Sad weekend. I spent Satuday swimming at the Y. I was just so happy to be out of jail that I rode my Hoverround over to swim all day. Plus all those lonely nights in the jail house left me with an itch to scratch, an itch for a man, a new man.
Tried to stop by Fashion Bug for asexay new swimming suit only to find they done closed down while I was away. So I had dto wear my old one with the sprung elastic in the top. Didn't matter, I spotted a lone hot man immediately and I kept trying to swim by him. The first couple of times he was talking to another man wearing a wedding ring. I thought for sure he'd be impressed by my spectacular all natural 56ZZZ boobies but he didn't even react. I figured he had to be gay! But later every time I looked over he was chatting up the skeleton whore that calls herself a lifeguard. Hottie was tripping over his tongue every time he talked to the life-ho.

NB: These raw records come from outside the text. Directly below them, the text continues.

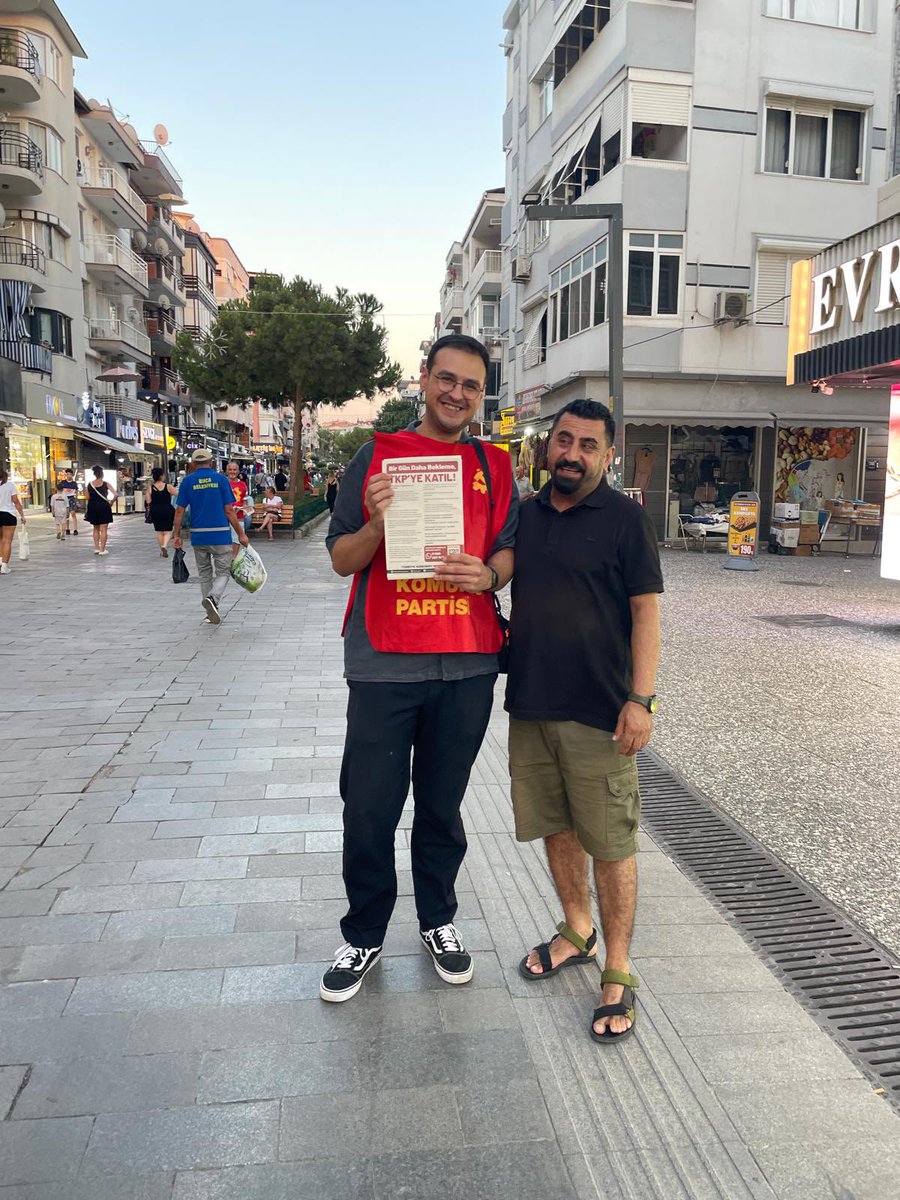KoopBuca's tweet photo. Bugün Buca Forbes caddesinde TKP'ye Katıl bildirilerimizi ulaştırdık.

Ülkemizi hak ettiği geleceğe birlikte taşıyalım.

@IzmirTkp #izmir #buca #tkp https://t.co/LlwBvyuRQT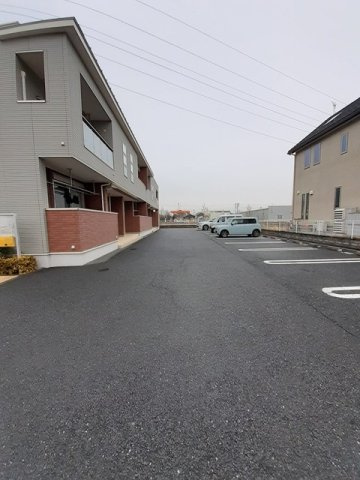 ソレイユコートＳの駐車場|駐車場があるので、車を買う予定の方も安心です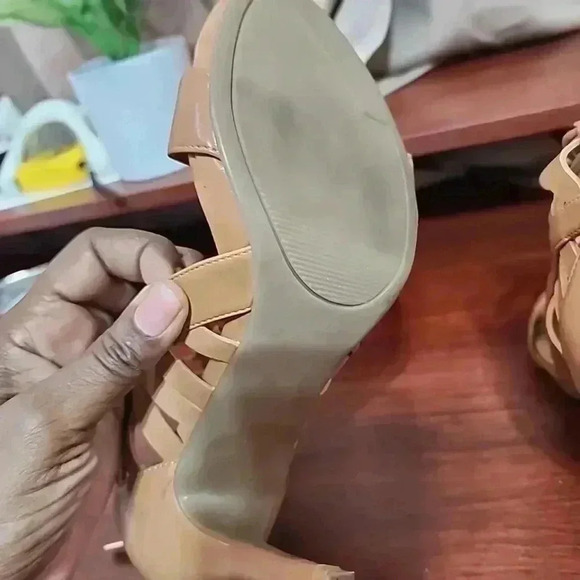 Guess Womens Caged heels. Size 8 - Picture 4 of 7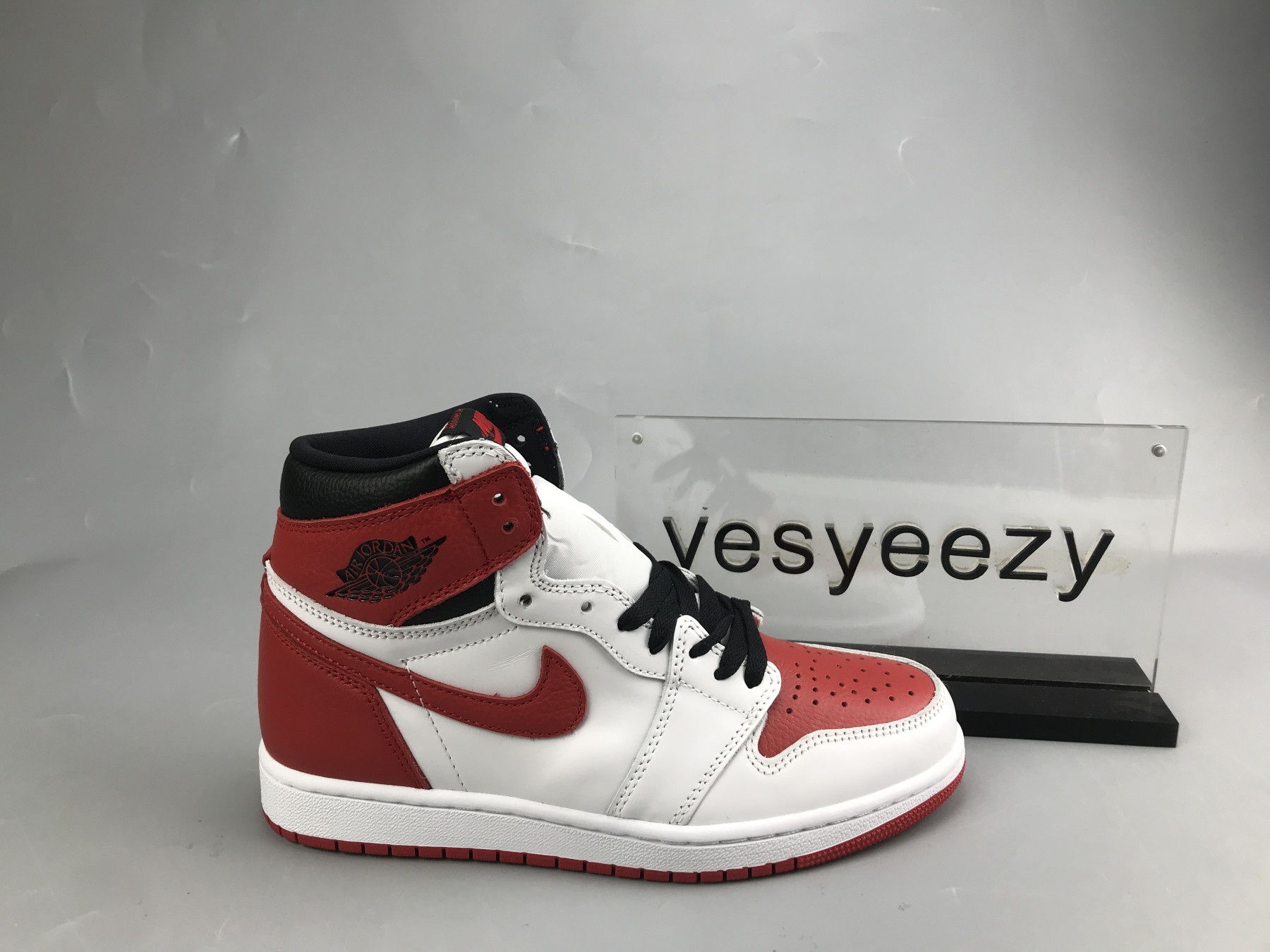 UA AIR JORDAN 1 RETRO HIGH OG HERITAGE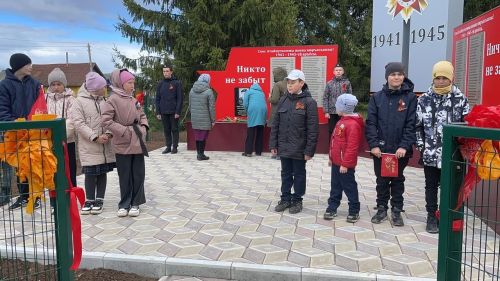 Сизнерда митинг вакытында һәйкәл ачылды, истәлек тактасы куелды (фоторепортаж)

I followed him to the hot tub, thinking he might be intertested up close. I batted my beautimous eyes at him and wiggled my swanky tits. He wouldn't even look at me. No dice.I went home alone.
Sunday weren't much better. Visited the church down the street again, the place that gave me that car and bought my Hoverround but they weren't friendly this atime at all. Sure, they fed me at their endless luncheons and snacks but no one would talk to me and as I went to leave several of the snootier church ladies told me not to come back after what I'd done with the car. They think I'm an ungrateful gal.
I hightailed it back home, only stopping at the Piggly Wiggly to get some halloween candy for the trick or treaters tonight. But the next thing I know I woke up this morning in a pile of candy wrappers. Sigh, another year spent hiding with the lights off when the kids come around.